- _Exercise materials_
• • • • • • •
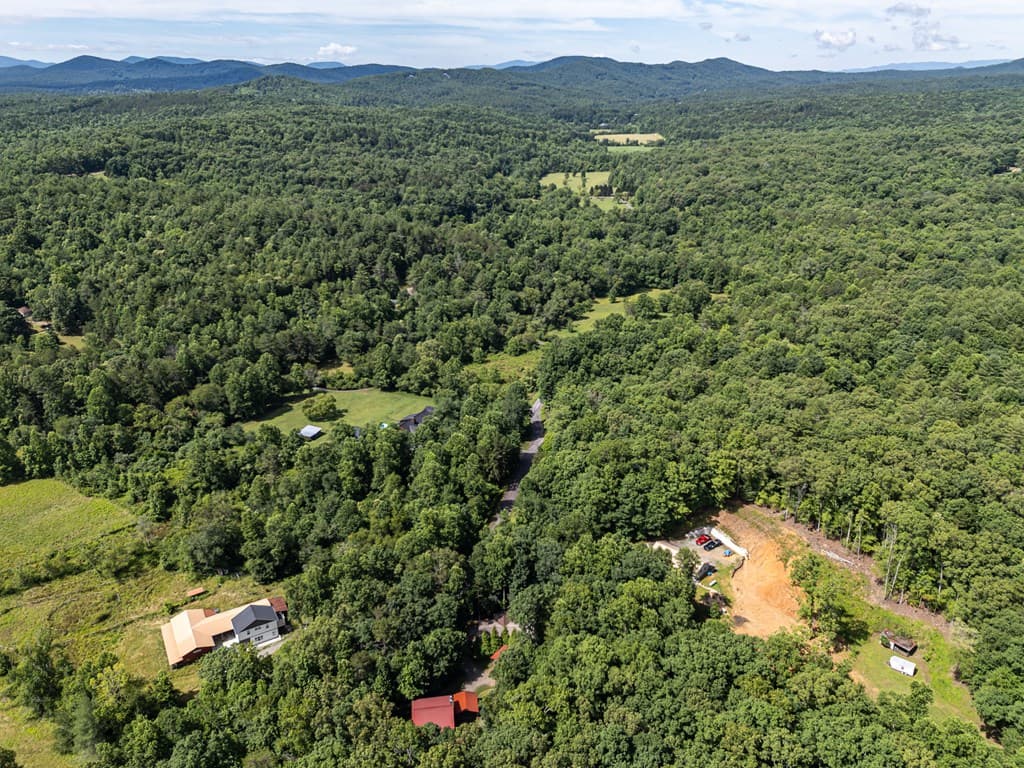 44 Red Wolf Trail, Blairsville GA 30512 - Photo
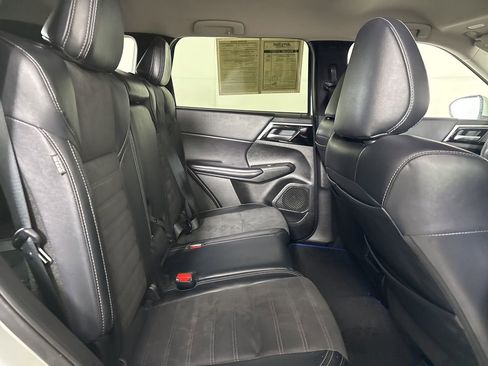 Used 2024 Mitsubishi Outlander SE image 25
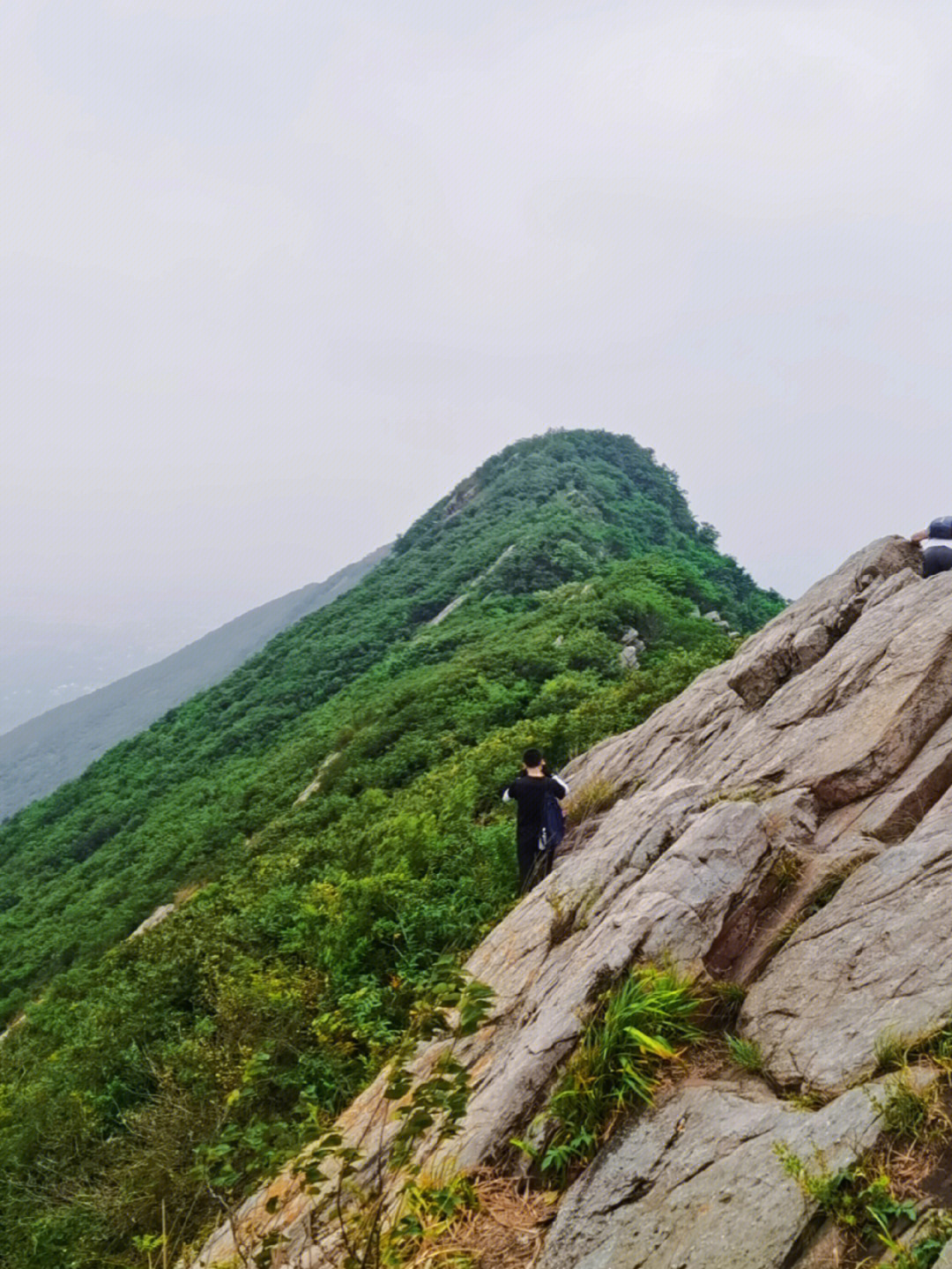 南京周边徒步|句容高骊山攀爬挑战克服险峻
• • • • • • •
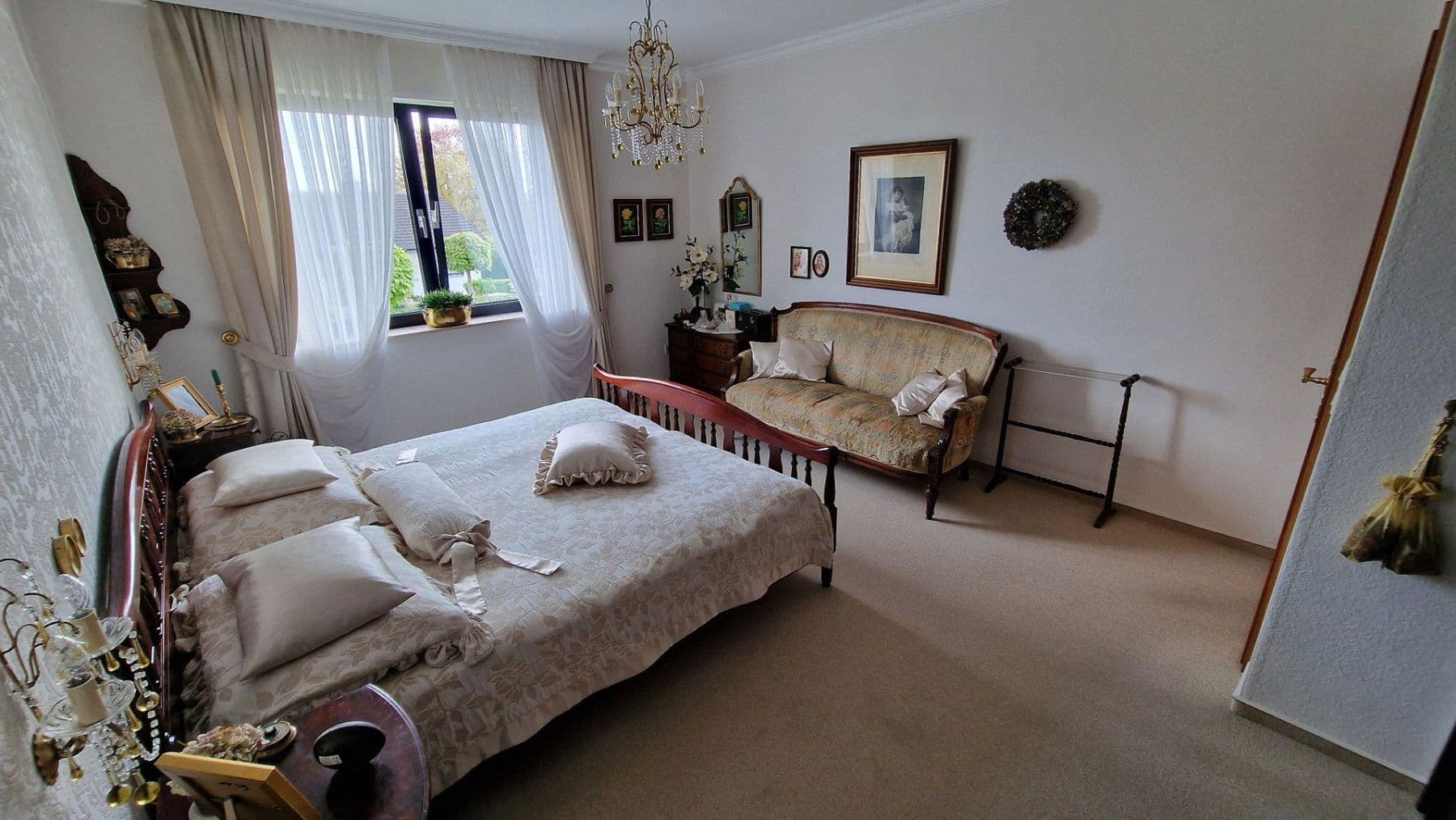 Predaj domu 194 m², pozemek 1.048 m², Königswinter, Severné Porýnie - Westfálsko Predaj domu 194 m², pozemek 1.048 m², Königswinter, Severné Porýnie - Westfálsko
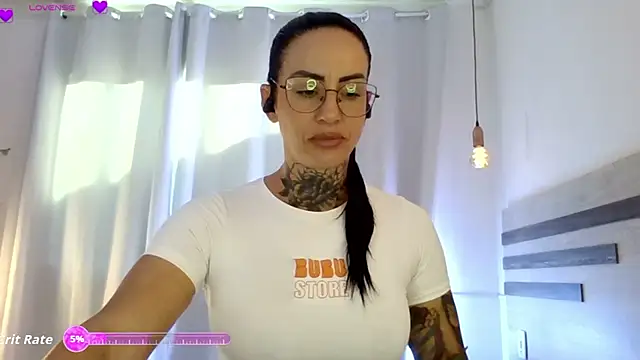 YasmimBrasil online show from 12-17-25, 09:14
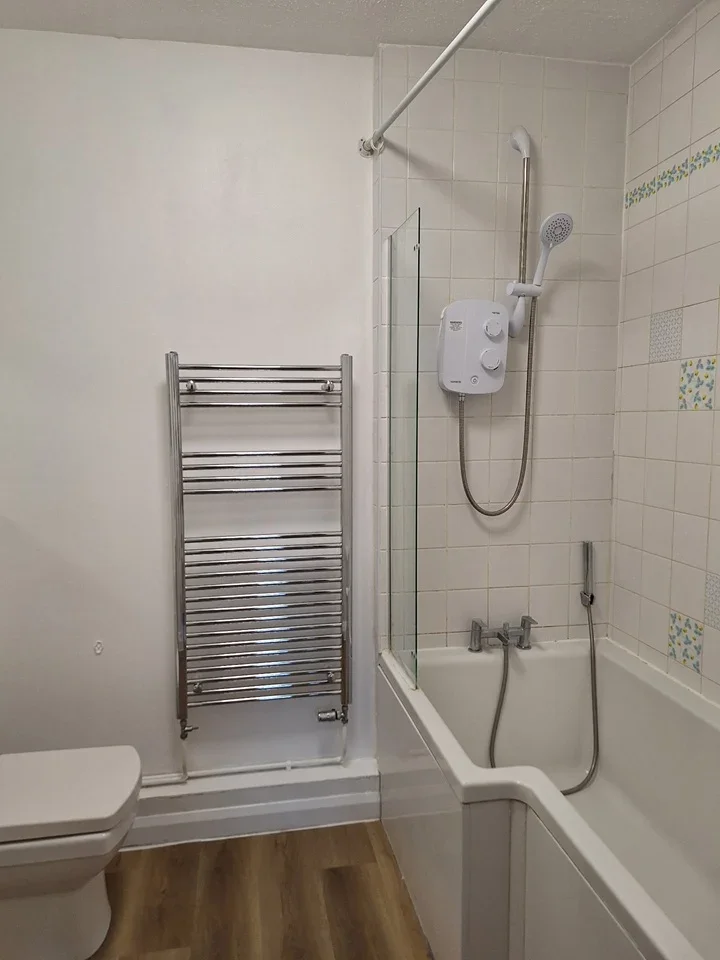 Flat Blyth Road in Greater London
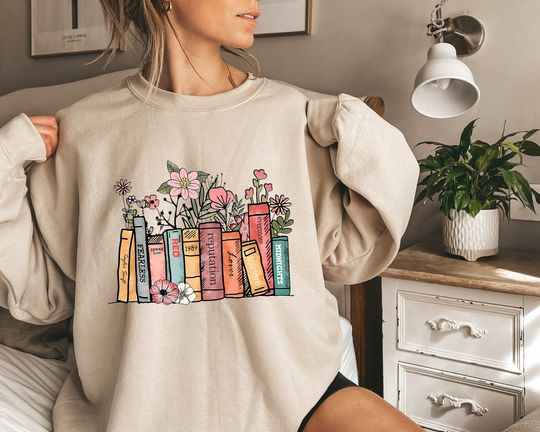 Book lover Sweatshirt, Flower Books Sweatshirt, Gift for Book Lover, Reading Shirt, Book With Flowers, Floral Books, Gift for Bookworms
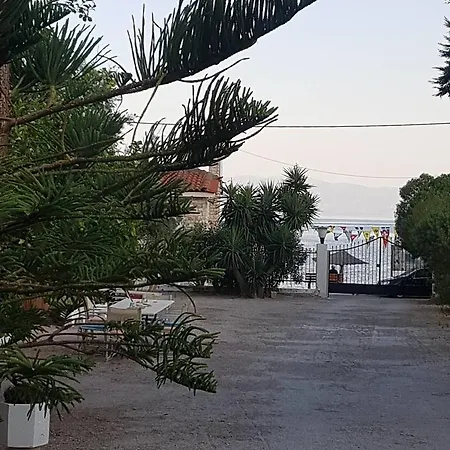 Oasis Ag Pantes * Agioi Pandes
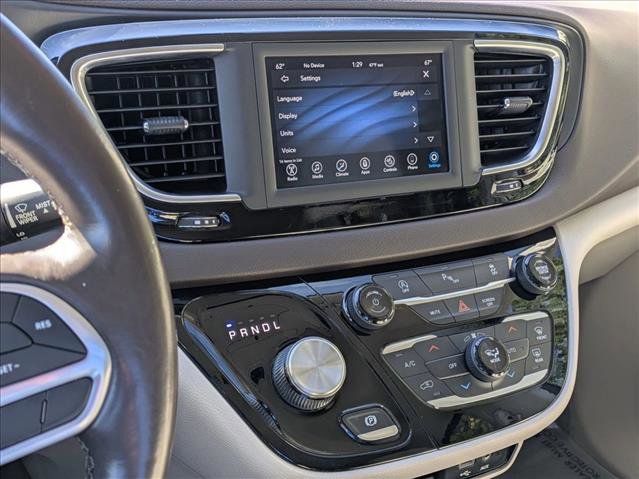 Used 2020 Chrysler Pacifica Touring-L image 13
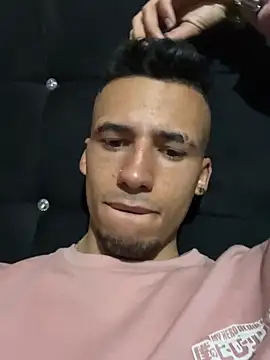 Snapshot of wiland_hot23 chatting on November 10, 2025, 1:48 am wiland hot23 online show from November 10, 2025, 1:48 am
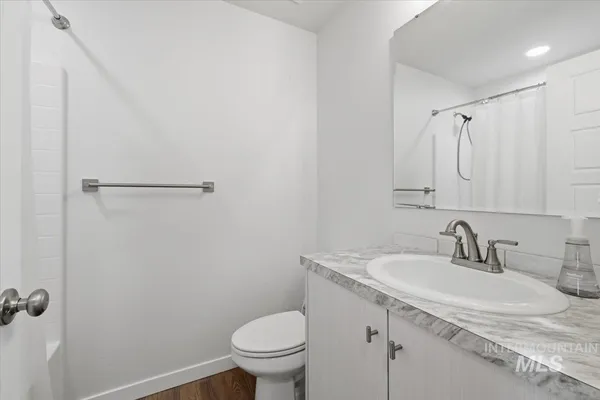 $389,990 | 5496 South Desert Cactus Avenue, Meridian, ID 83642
• • • • • • •
- _What to work on_
Only one stretch of the listing above is to be duplicated: the lines from the one containing "44 Red Wolf" through the one containing "南京周边徒步|句容高骊山攀爬挑战克服险峻", both included. Copy them exactly, minus the pictures.

- _Solved exercise_
 44 Red Wolf Trail, Blairsville GA 30512 - Photo
 Used 2024 Mitsubishi Outlander SE image 25
 南京周边徒步|句容高骊山攀爬挑战克服险峻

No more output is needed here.